= Magnitude of eclipse =

Fraction of the diameter of the eclipsed body which is in eclipse

An annular solar eclipse has a magnitude of less than 1.0

The magnitude of eclipse is the fraction of the angular diameter of a celestial body being eclipsed. This applies to all celestial eclipses. The magnitude of a partial or annular solar eclipse is always between 0.0 and 1.0, while the magnitude of a total solar eclipse is always greater than or equal to 1.0, and has a theoretically maximum value of around 1.12.

This measure is strictly a ratio of diameters and should not be confused with the covered fraction of the apparent area (disk) of the eclipsed body. Neither should it be confused with the astronomical magnitude scale of apparent brightness.

== Effect of the magnitude on a solar eclipse ==

Each icon shows the view from the centre of its black spot, representing the Moon (not to scale)

The apparent sizes of the Moon and Sun are both approximately 0.5°, or 30', but both vary because the distance between Earth and Moon varies. (The distance between Earth and Sun also varies, but the effect is slight in comparison.)

In an annular solar eclipse, the magnitude of the eclipse is the ratio between the apparent angular diameters of the Moon and that of the Sun during the maximum eclipse, yielding a ratio less than 1.0. As the magnitude of eclipse is less than one, the disk of the Moon cannot completely cover the Sun. When the centers of the two disks are sufficiently aligned, a ring of sunlight remains visible around the Moon. This is called an annular eclipse, from Latin annulus, meaning "ring".

For a total solar eclipse to happen, the ratio of the apparent diameters of the Moon and of the Sun must be 1.0 or more, and the three celestial bodies (Sun, Earth and Moon) must be aligned centrally enough. When that is the case, the Moon's disk appears to cover the Sun's disk completely, as seen from the Earth. The path of totality (i.e. of the travelling shadow of the Moon cutting off all direct sunlight from reaching the Earth's surface) is a relatively narrow strip, between 100 and 200 kilometers across.

In a partial solar eclipse, the magnitude of the eclipse is the fraction of the Sun's diameter occulted by the Moon at the time of maximum eclipse. As seen from one location, the momentary eclipse magnitude varies, being exactly 0.0 at the start of the eclipse, rising to some maximum value, and then decreasing to 0.0 at the end of the eclipse. When one says "the magnitude of the eclipse" without further specification, one usually means the maximum value of the magnitude of the eclipse.

The eclipse magnitude varies not only between eclipses, but also by viewing location. An eclipse may be annular in one location and total in another. These mixed-type eclipses are called hybrid.
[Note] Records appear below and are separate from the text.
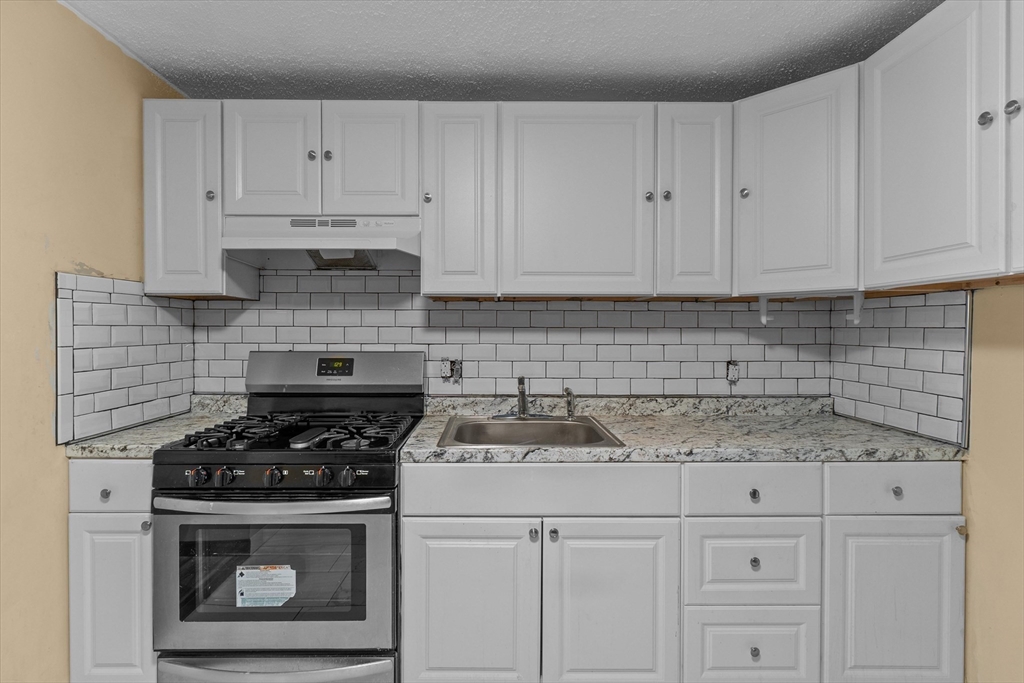 262 East Haverhill Street, Unit 17 Lawrence, MA 01841 - Photo 8 of 18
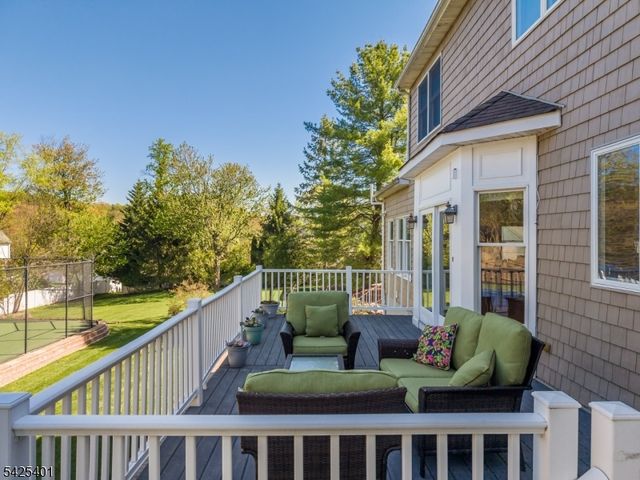 2 Trails End Ct, Westfield Town, NJ 07090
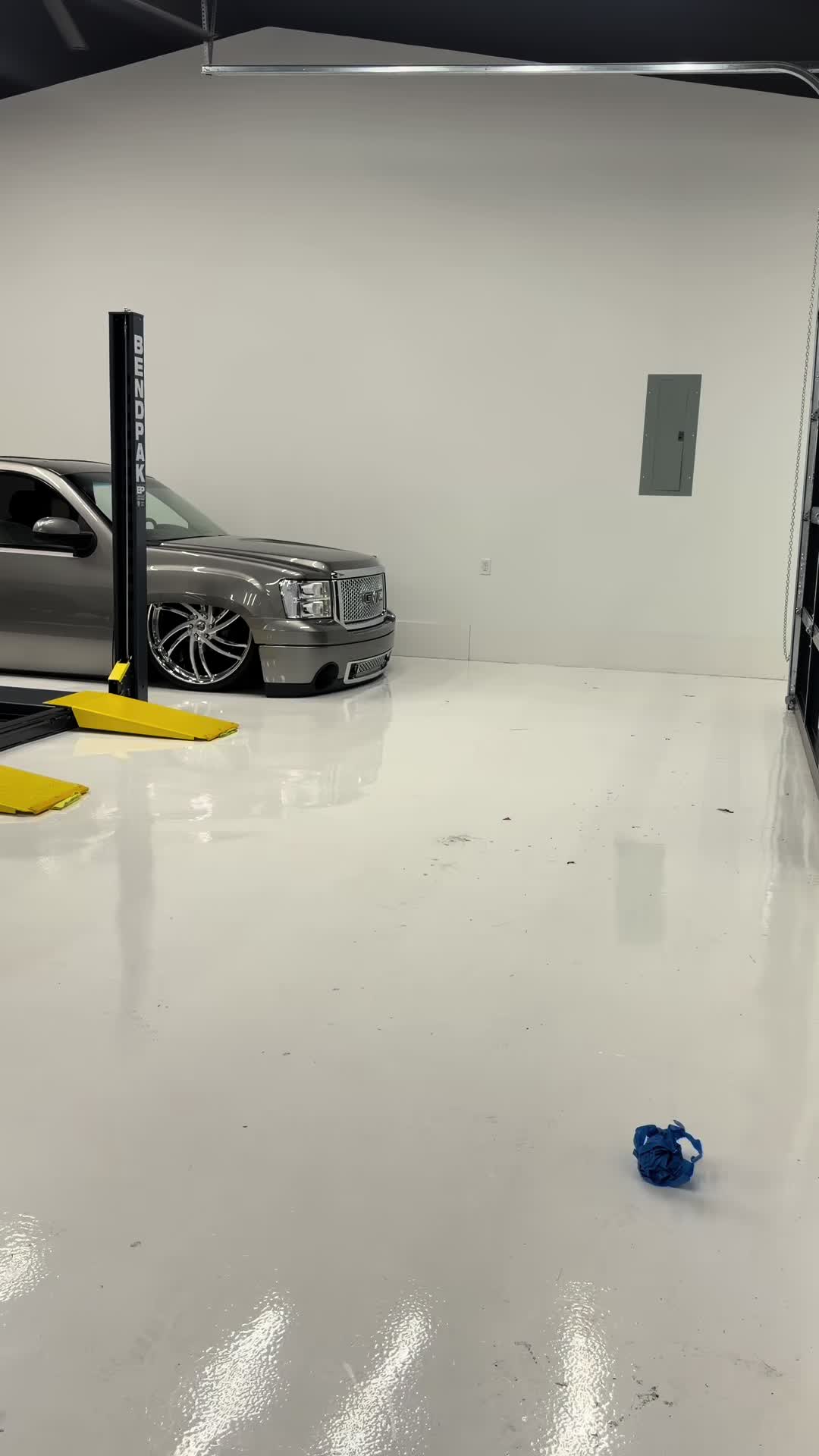 @houstondroppedtrucks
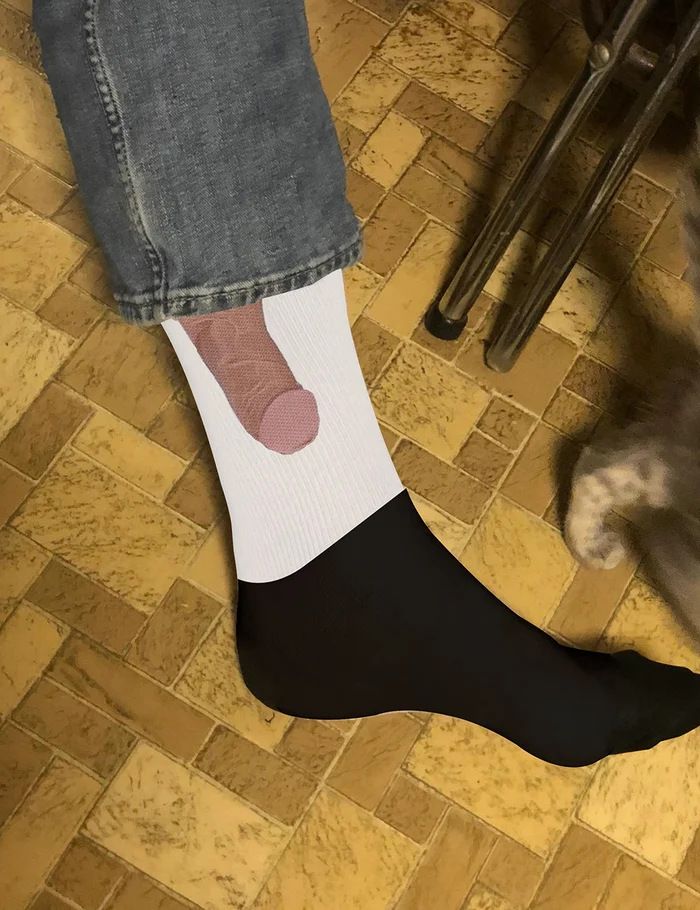 Unisex "Show Off" Socks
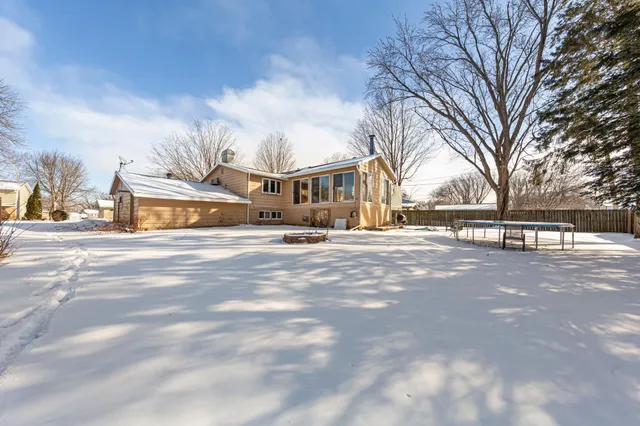 $175,000 | 1020 Swanhill Drive, Albert Lea, MN 56007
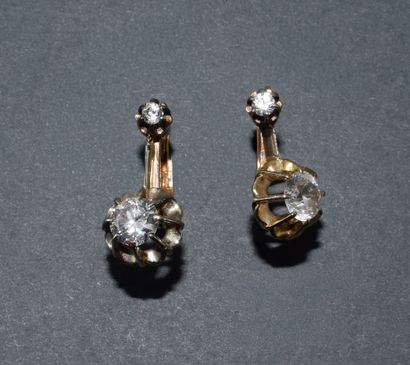 PAIRE DE DORMEUSES en or jaune et blanc 18K...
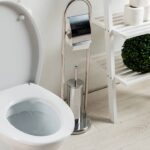 Essa mistura simples acabou com a crosta do meu banheiro em minutos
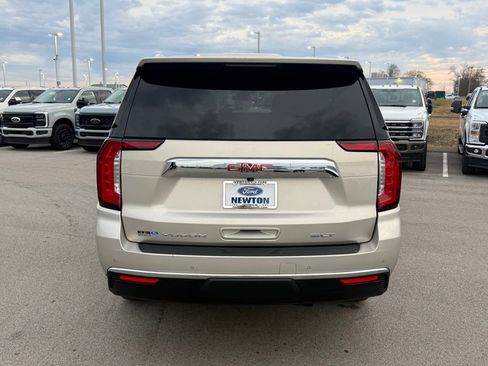 Used 2023 GMC Yukon XL SLT image 34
== Effect of the magnitude on a lunar eclipse ==

The effect on a lunar eclipse is quite similar, with a few differences. First, the eclipsed body is the Moon and the eclipsing 'body' is the Earth's shadow. Second, since the Earth's shadow at the Moon's distance always is considerably larger than the Moon, a lunar eclipse can never be annular but is always partial or total. Third, the Earth's shadow has two components: the dark umbra and the much brighter penumbra. A lunar eclipse will have two geometric magnitudes: the umbral magnitude and the penumbral magnitude. If the three bodies are not aligned enough, the Moon does not reach into the Earth's umbra - it may still pass through the Earth's penumbra though, and such an eclipse is called a penumbral eclipse.